:: RECORDS PROVIDED

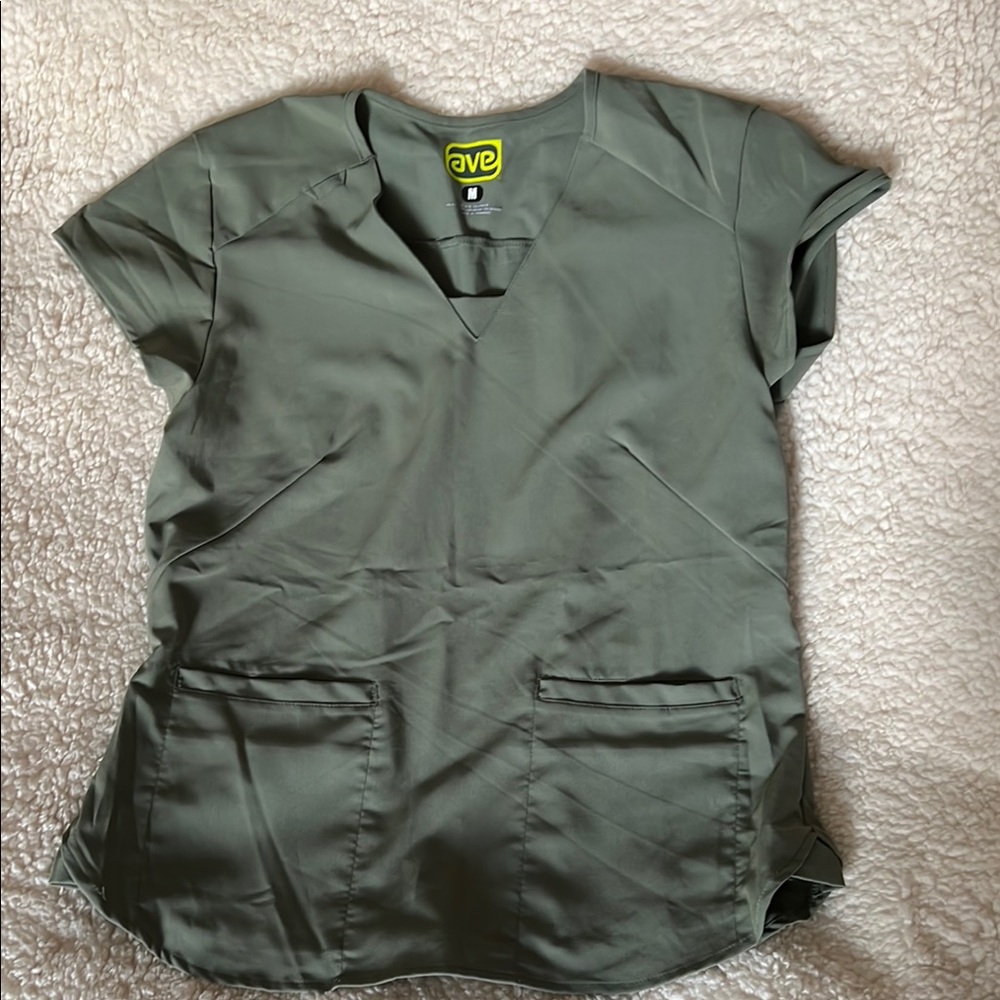 Women’s olive green scrub top. Never worn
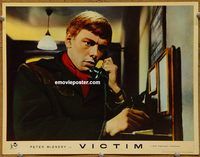 m579 VICTIM English movie lobby card '62 homosexual blackmail!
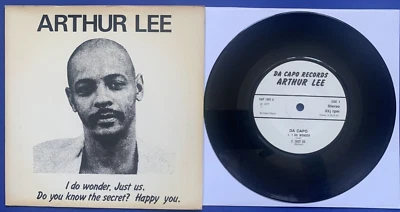 ARTHUR LEE I Do Wonder + 3 ~ UK 1977 Da Capo Records 7" EP Arthur Lee & Love - Изображение 1 из 2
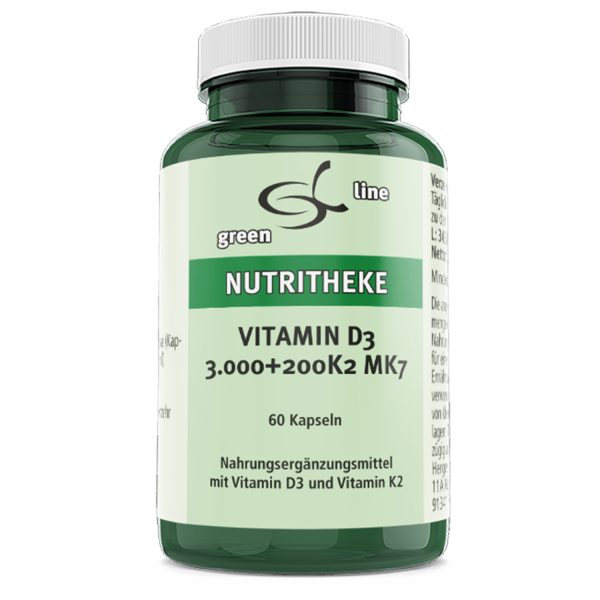 VITAMIN D3 3.000+200 K2 MK7 Kapseln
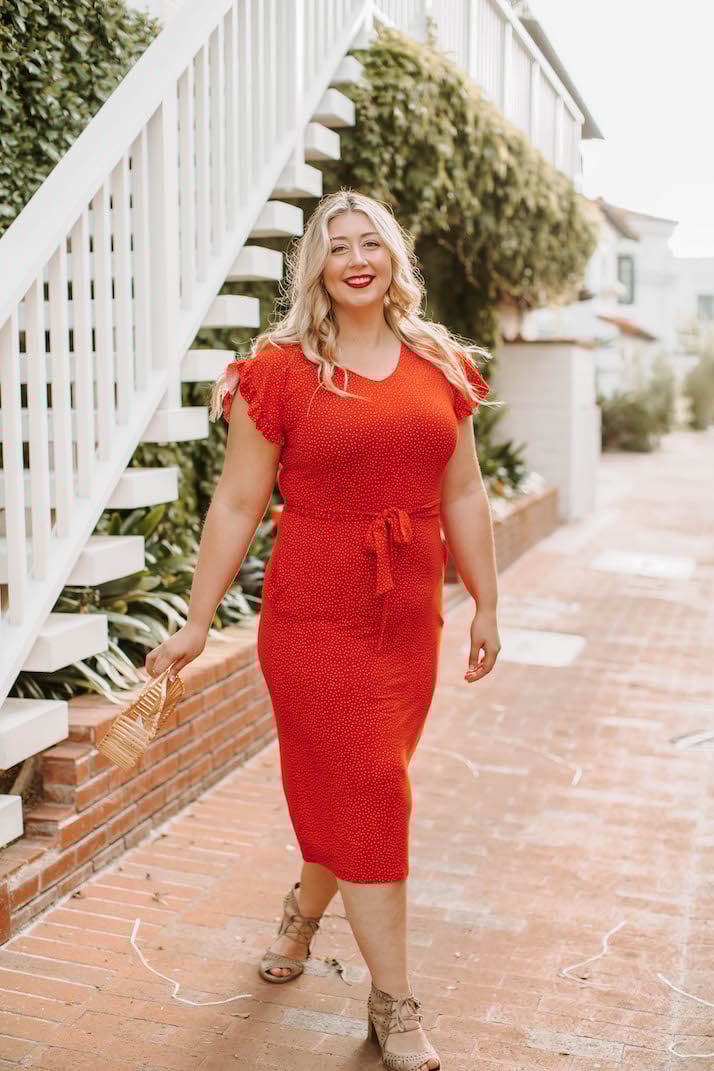 the anywhere dress looks amazing on plus size!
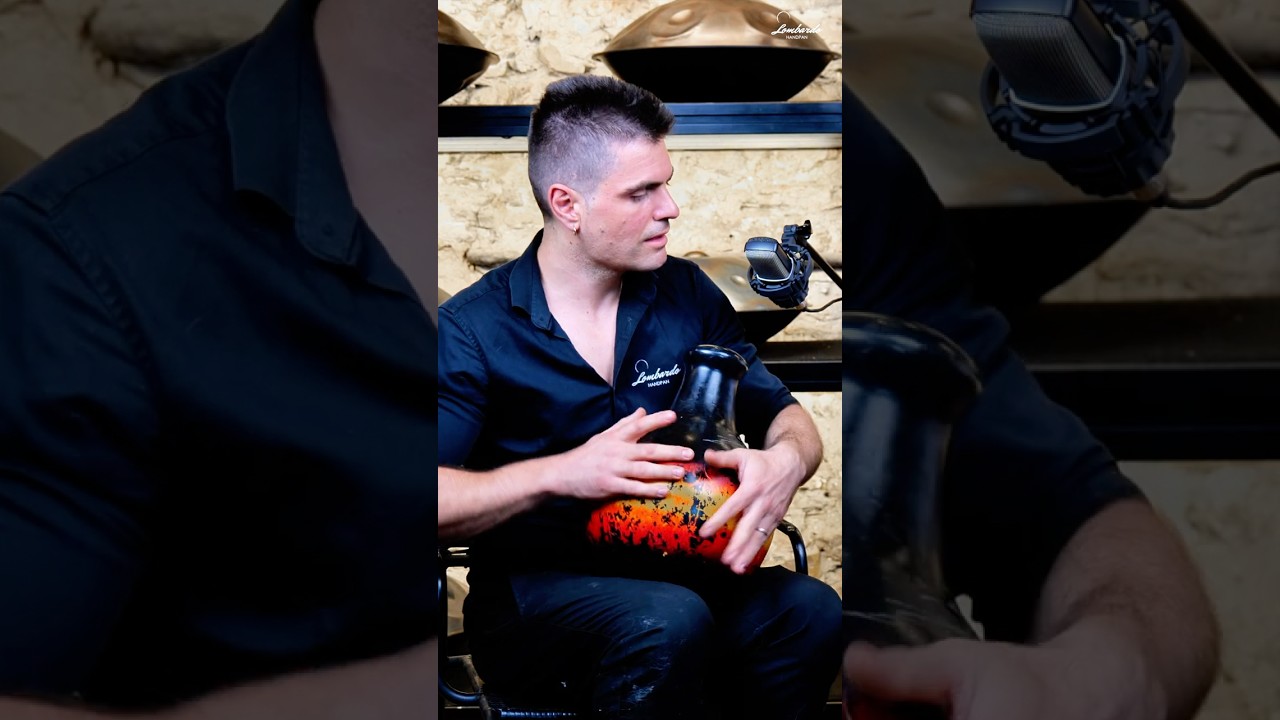 Udu + Handpan - Loris Lombardo and Davide Swarup-  Lombardo Handpan Pygmy #handpan #hangdrum #pantam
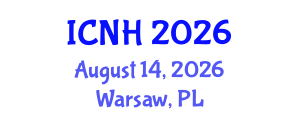 International Conference on Nursing and Healthcare (ICNH) August 14, 2026 - Warsaw, Poland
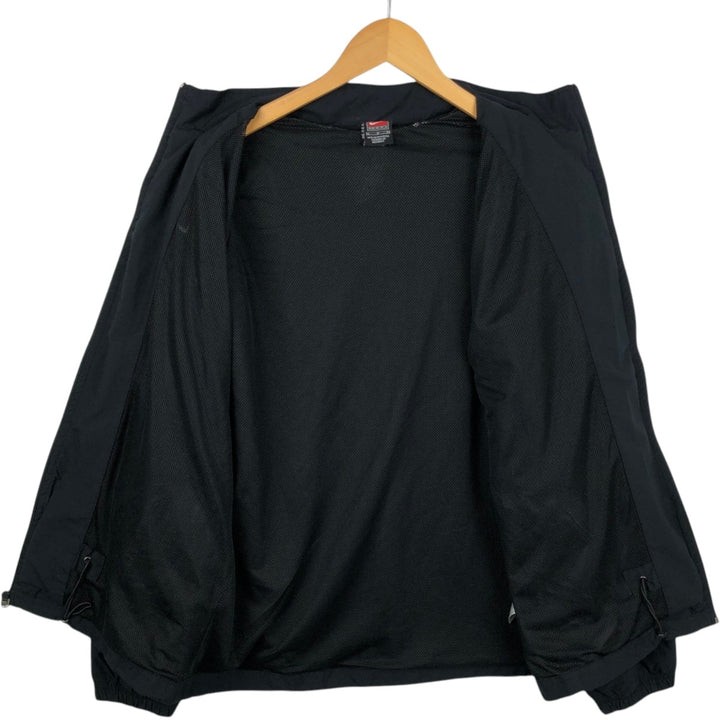 2000'S Nike Team Windbreaker, Men's Size L (approx.) polyester black type Vintage Second Hand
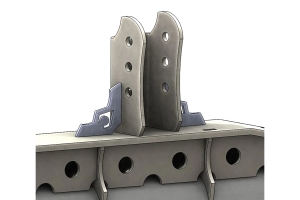 Artec Industries Tall Adjustable Truss Upper Link Mount, Single - 2.63in Wide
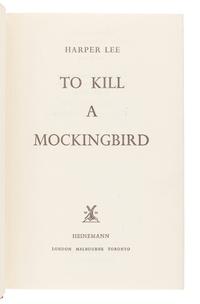 LEE, Harper (1926-2016). To Kill A Mockingbird. London: Heinemann, 1960.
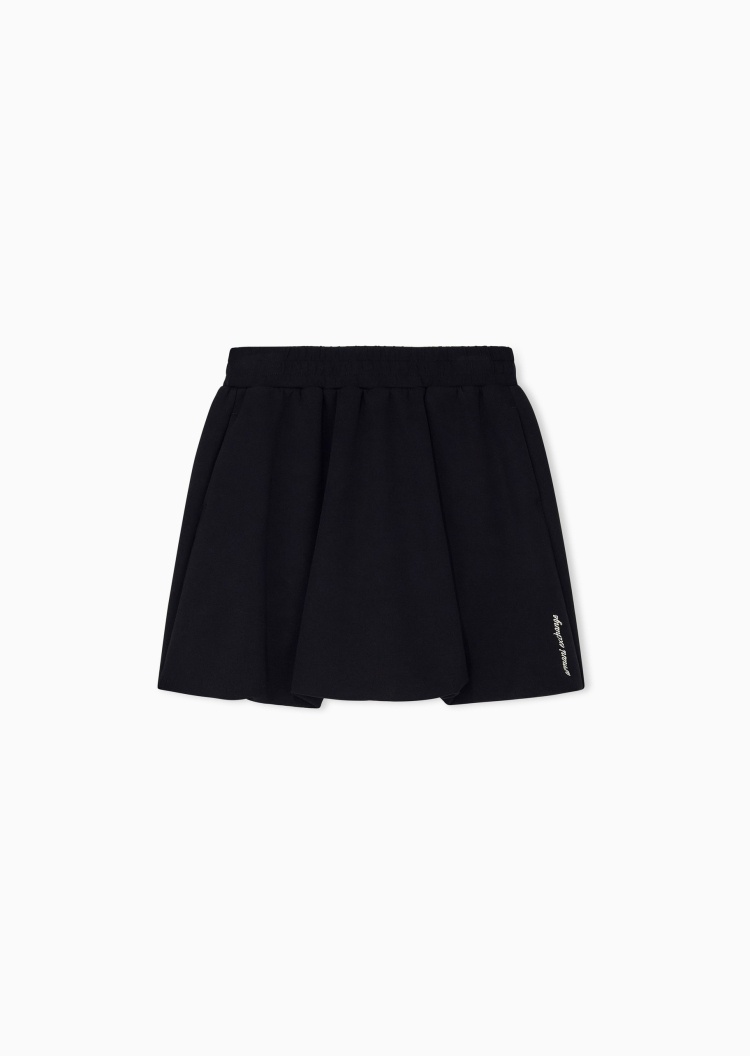 ARMANI EXCHANGE 女士弹力短款A字刺绣休闲半身裙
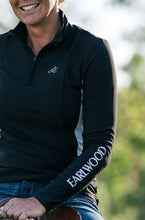 Earlwood Ava Sunshirt Long Sleeve Black & Grey-CLOTHING: Clothing Ladies-Ascot Saddlery
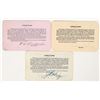 Image 2 : McCloud River Railroad Co. Annual Pass Trio [197512]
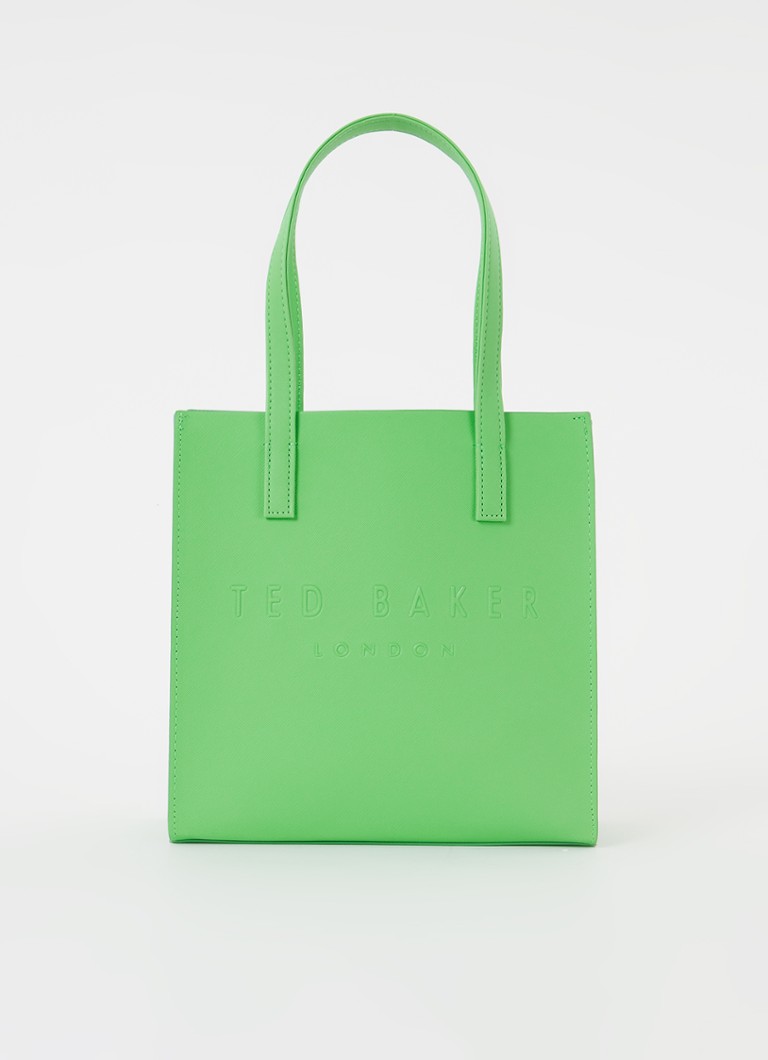 Ziektecijfers statistieken Ladder Ted Baker Seacon Small shopper met logo • Groen • de Bijenkorf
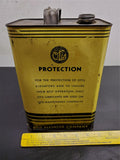 Vtg Antique Otis Lubricants 1 Gallon Elevator Unopened Oil Can Yellow Mancave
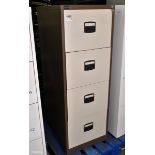 Dams 4 drawer coffee / cream filing cabinet - W 470 x 630 x H 1320mm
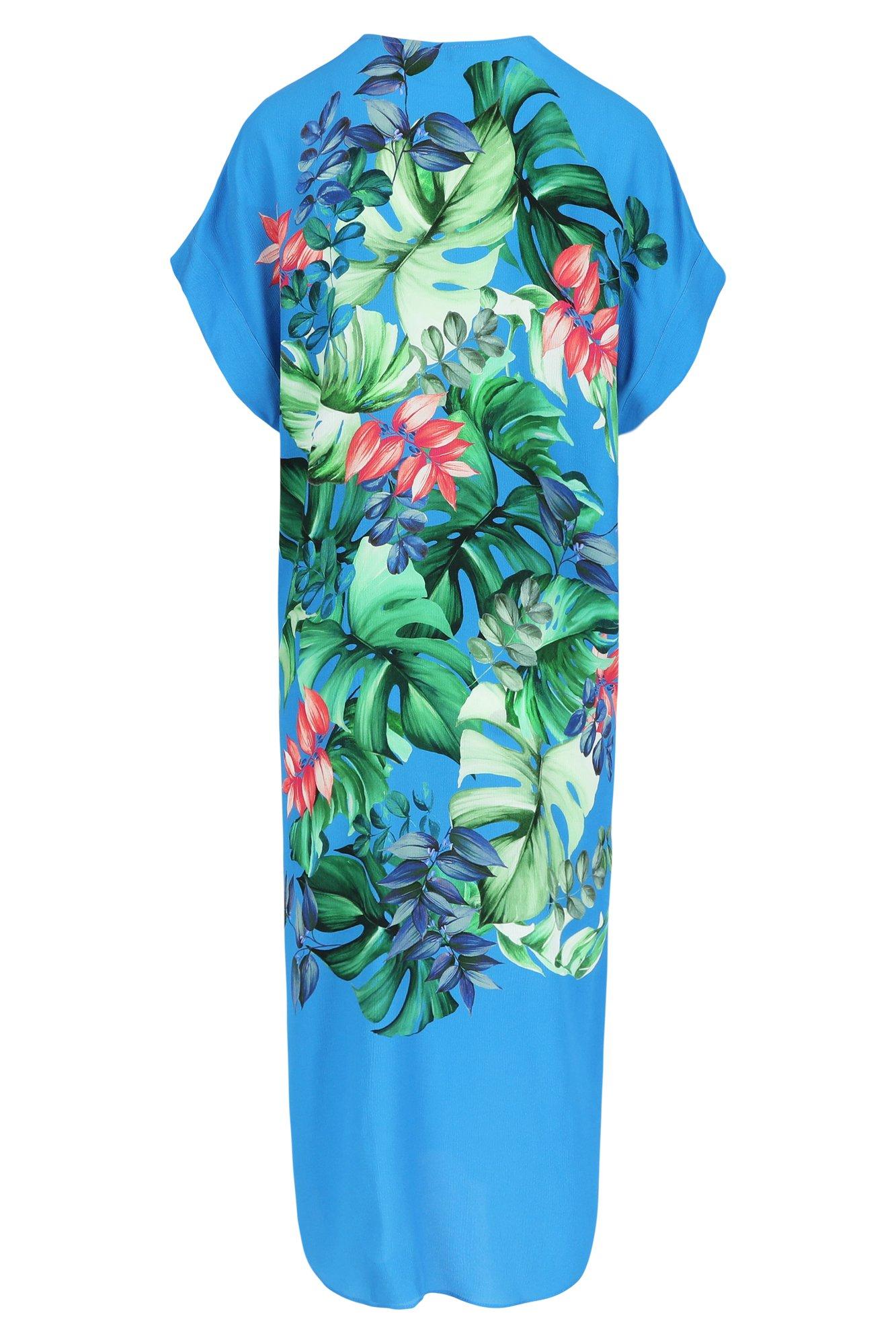 Robes - Robe à fleurs en crêpe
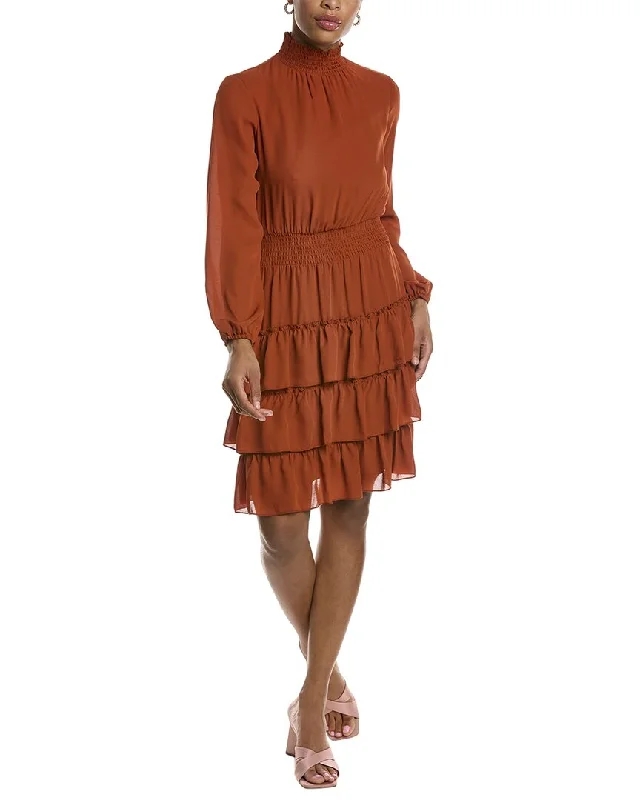 Nanette Lepore Midi Dress Stylish Off-Shoulder Ruffle Dress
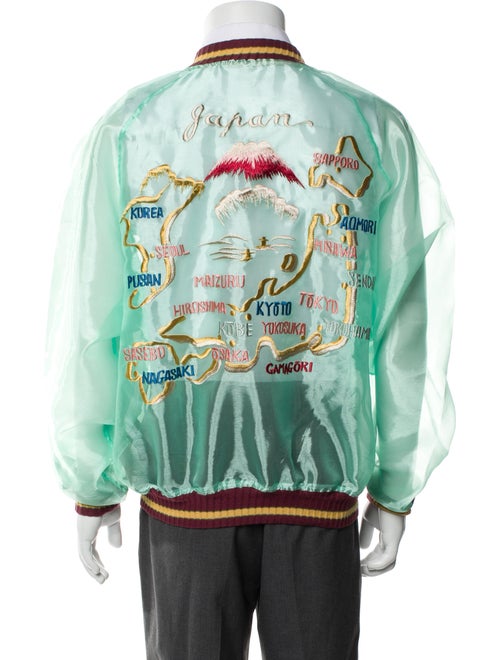 Kapital Sheer Pearl Mosquito Guard Souvenir Graphic Print Bomber Jacket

::::

#### [TASK PROMPT]
Could you repeat, exactly and with nothing else, the lines from the first line of the records through the line containing "Udu + Handpan"? Leave out the pictures.

#### [TASK ANSWER]
 Women’s olive green scrub top. Never worn
 m579 VICTIM English movie lobby card '62 homosexual blackmail!
 ARTHUR LEE I Do Wonder + 3 ~ UK 1977 Da Capo Records 7" EP Arthur Lee & Love - Изображение 1 из 2
 VITAMIN D3 3.000+200 K2 MK7 Kapseln
 the anywhere dress looks amazing on plus size!
 Udu + Handpan - Loris Lombardo and Davide Swarup-  Lombardo Handpan Pygmy #handpan #hangdrum #pantam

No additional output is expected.